Femore trovato nei boschi di Postua: potrebbe appartenere a Giancarlo Angelino Giorset, scomparso nel 2014 sul monte Barone.

Femore trovato a Postua

Proseguono le indagini per capire a chi appartenga l’osso ritrovato nei boschi di Postua. Appena uscita la notizia molti in zona si sono ricordati del “Carlin”, ovvero Giancarlo Angelino Giorset, che sparì il 25 agosto 2014 dopo essere salito al Monte Barone da Coggiola. Aveva 59 anni. Un luogo poi non così lontano rispetto a dove è stato ritrovato l’osso. A far accendere le speranze che possa trattarsi di un resto del “Carlin” sono gli amici, visto che da quanto comunicato si tratta di un osso con una protesi. E Giancarlo Angelino era stato appunto operato a una gamba.
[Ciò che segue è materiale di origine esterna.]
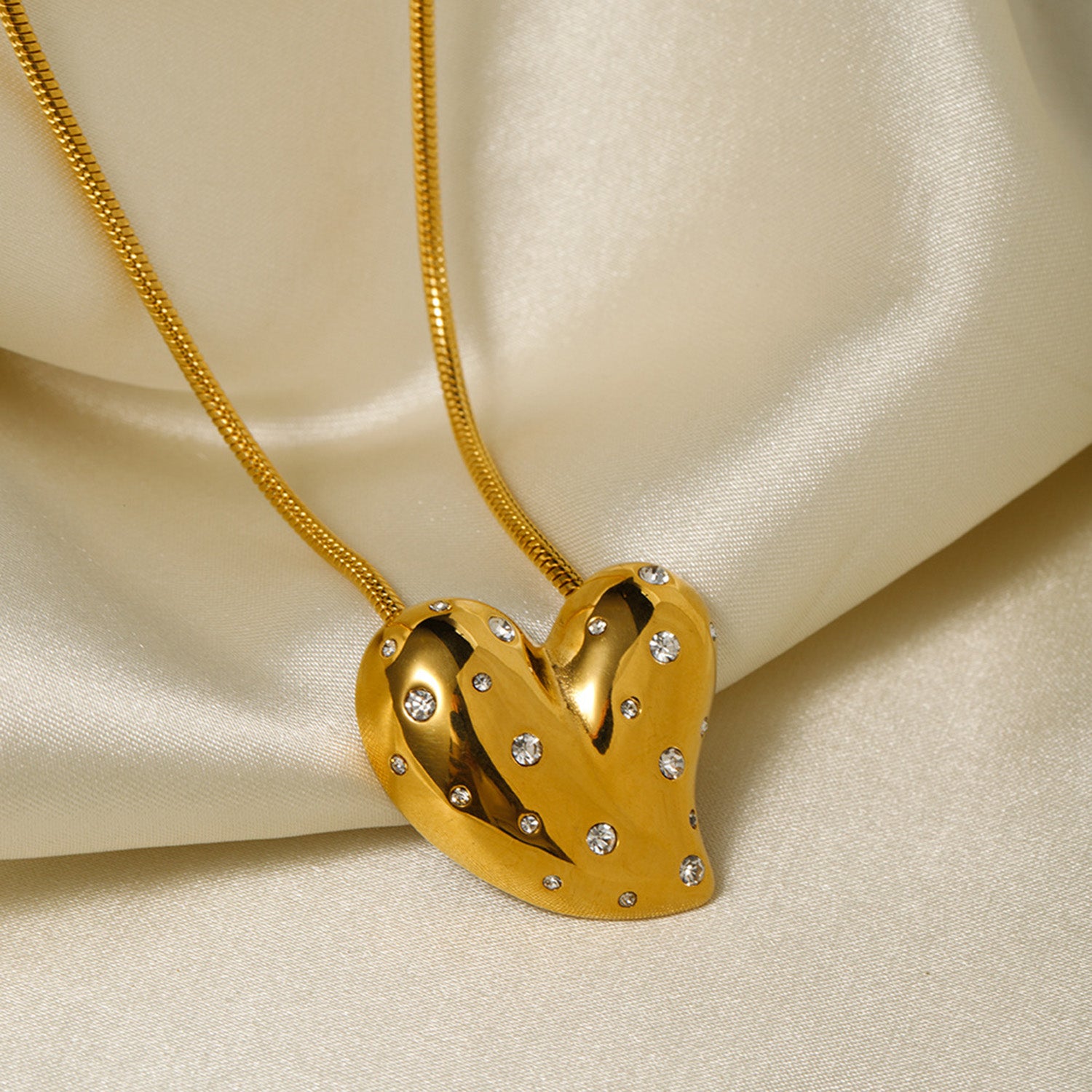 Inlaid Zircon Heart Stainless Steel Necklace - ClozArt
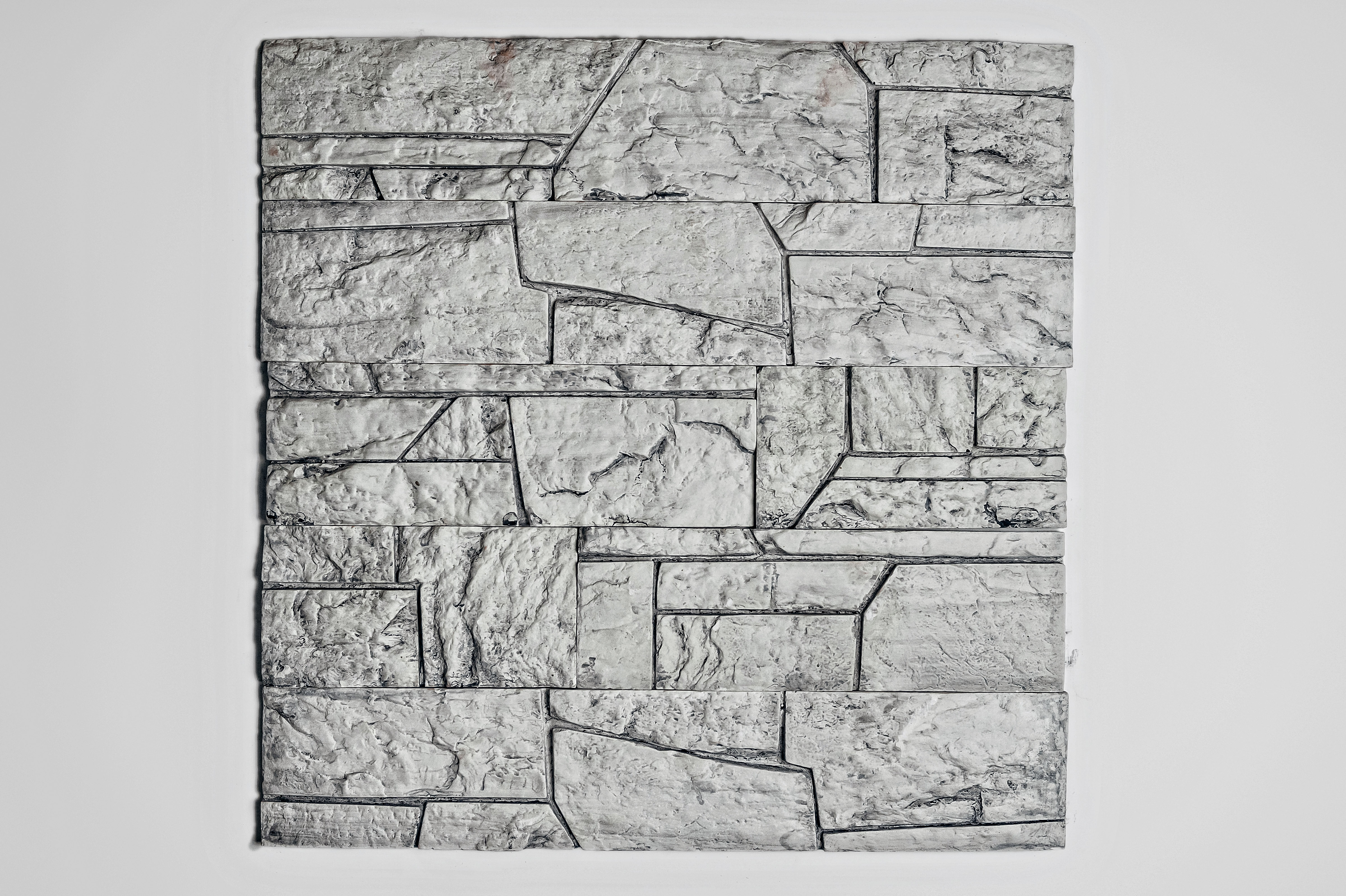 Изображение товара Гипсовая плитка Евролит Венеция 47х11 см имитация натурального камня темно-серого цвета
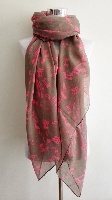 Foulard Gris et Rose Motifs Notes de Musique
[Grey and Pink Scarf with Music Notes ]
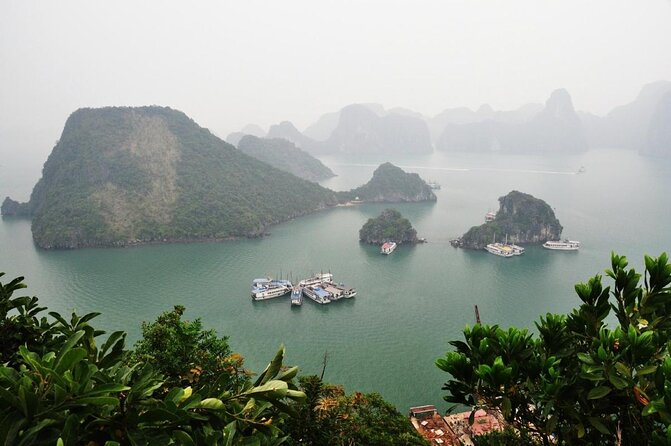 Halong Bay - Hera Cruise - All Inclusive Multi Days Tour - Luon Cave by kayak or bamboo boat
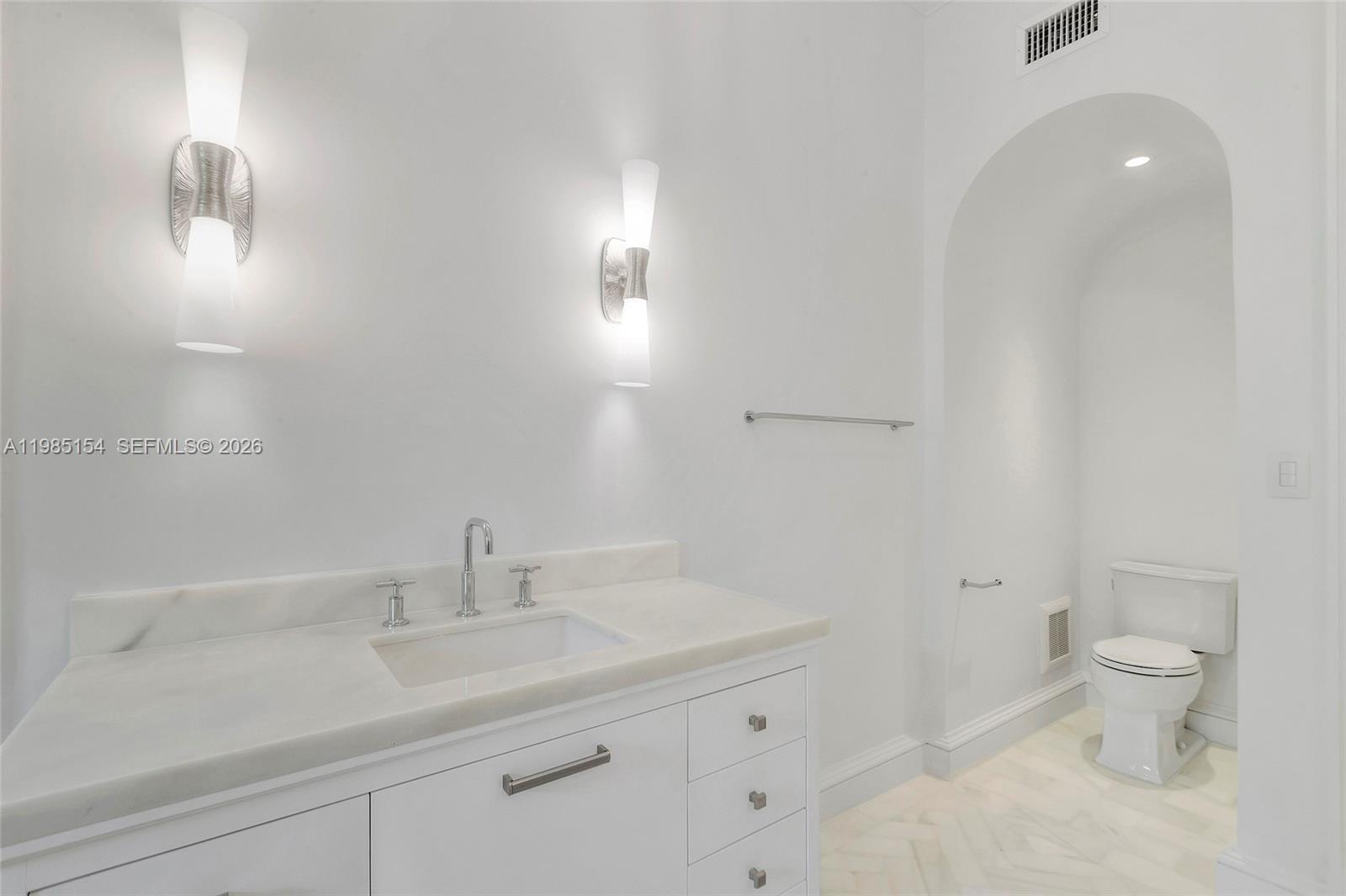 CORAL GABLES BILTMORE SEC - Residential Lease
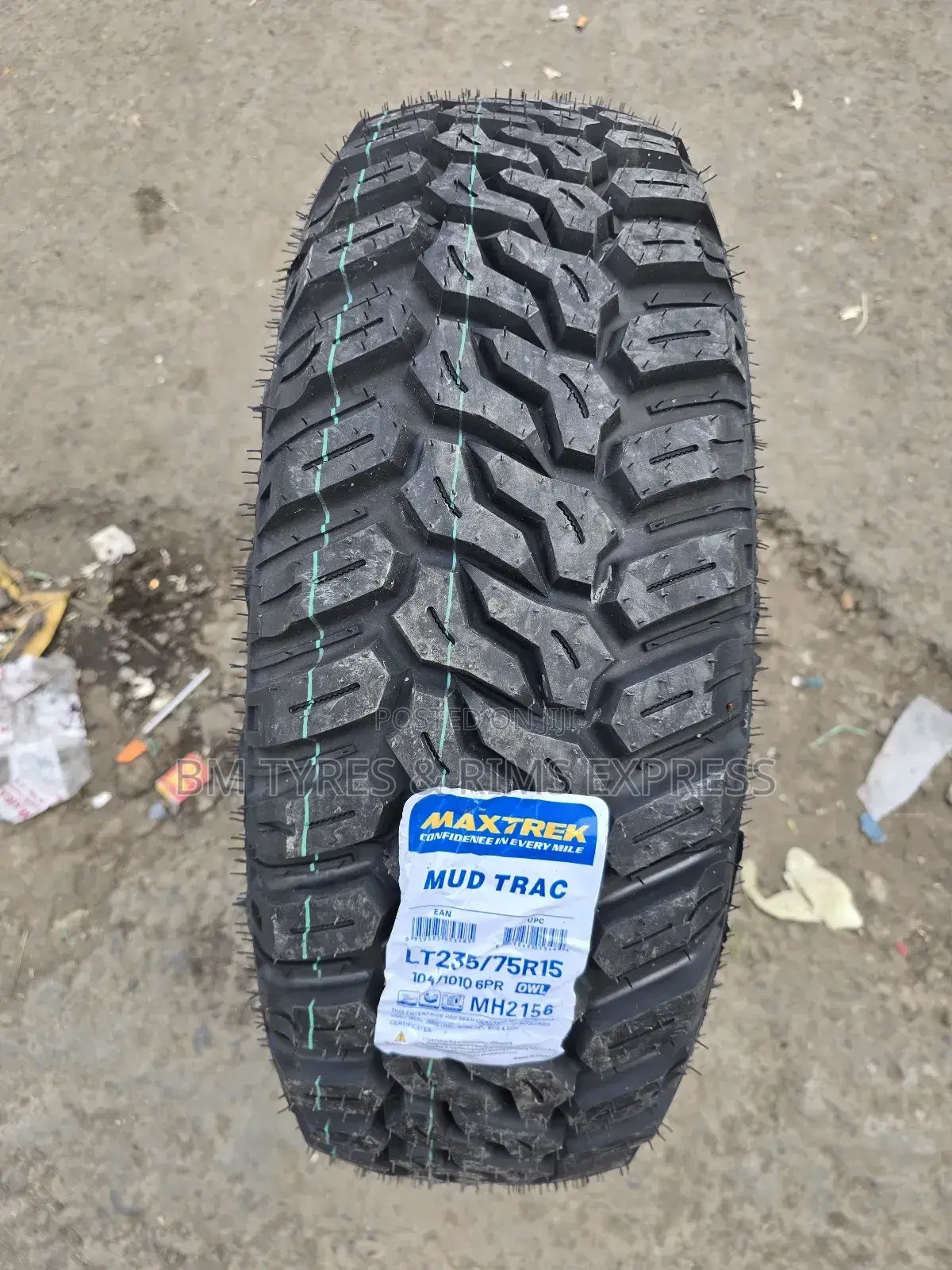 235 /75 R15 Maxtrek (Mt)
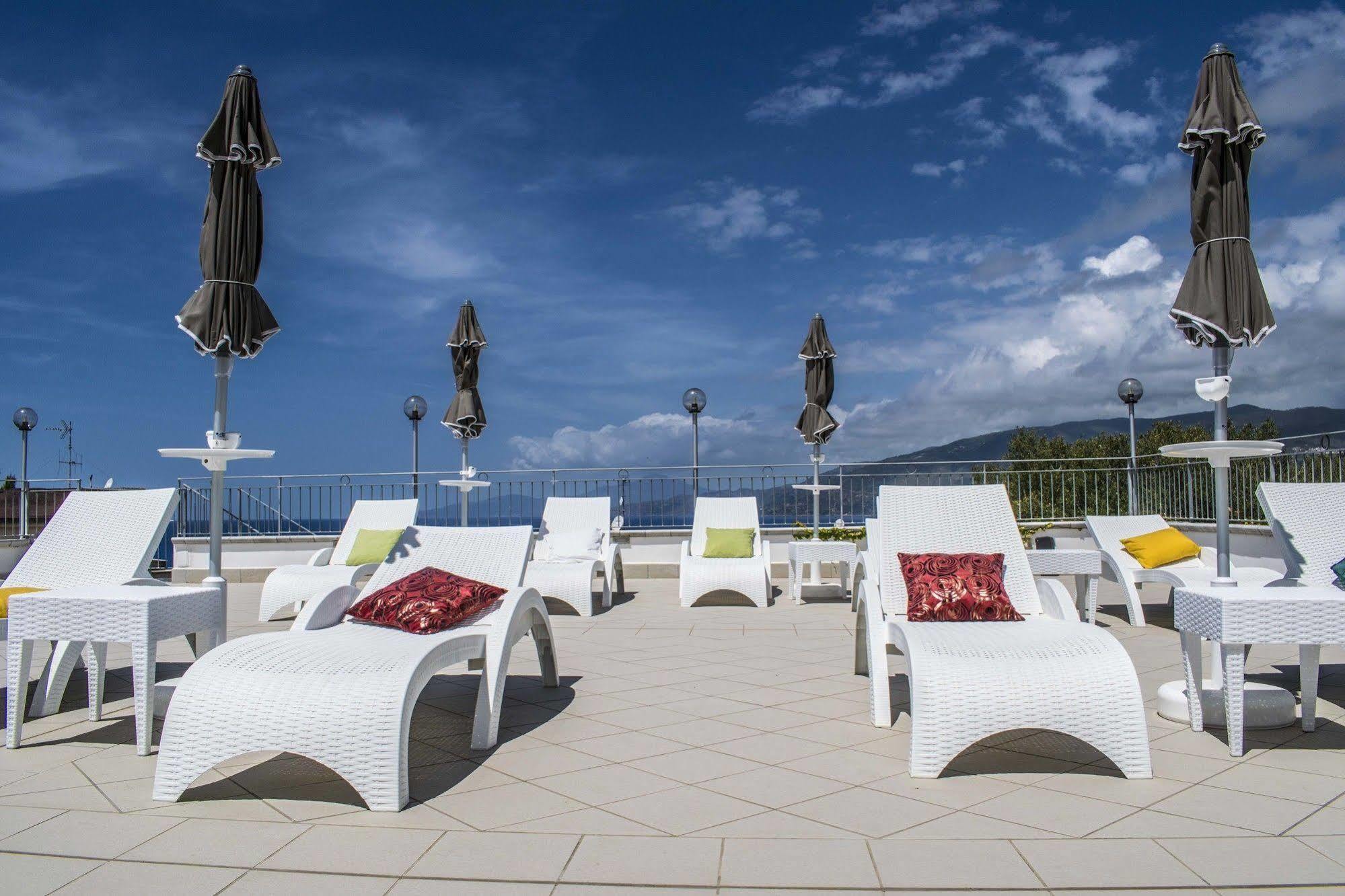 Hotel Baia ปาลีนูโร ภายนอก รูปภาพ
A trovare l’osso è stato un escursionista che giovedì era impegnato in una passeggiata lungo l’alpe L’Aigra, che si trova nel comune di Postua, ha notato lungo la riva del torrente Strona uno strano osso. Fin da subito gli è sembrato appartenere a un essere umano, perché presentava una protesi. Per la precisione, è stato Mauro Balossetti a fare la scoperta: era con la moglie infermiera a fare una passeggiata quando ha notato l’osso.

Le ricerche

La donna ha confermato che si trattava di un osso umano. «L’abbiamo messo in un sacchetto e portato a valle mostrandolo anche al sindaco e avvertendo i carabinieri», ha spiegato.
Gli uomini dell’Arma della stazione di Serravalle venerdì mattina hanno organizzato e avviato le ricerche per verificare l’eventuale presenza di altri resti nella zona. All’operazione, oltre ai militari dell’Arma, hanno preso parte anche i vigili del fuoco di Varallo. Per il momento non sono stati trovati altri resti in zona, ma è possibile che ci siano.

Il numero

Parallelamente i carabinieri stanno svolgendo tutti gli accertamenti necessari per risalire all’identità della persona cui apparteneva in vita il reperto osseo ritrovato, un femore. Qualche elemento dal quale partire c’è già. Innanzitutto la protesi, come è ovvio che sia. Un segno di riconoscimento che permette di restringere di molto il campo di ricerca. Si lavora anche sul reperto osseo, incrociando i dati con quelli di pazienti che hanno subito quel tipo di interventi chirurgici. Oltretutto si tratta di un genere di protesi numerato, dettaglio che potrebbe rivelarsi fondamentale per scoprire l’identità della persona alla quale apparteneva.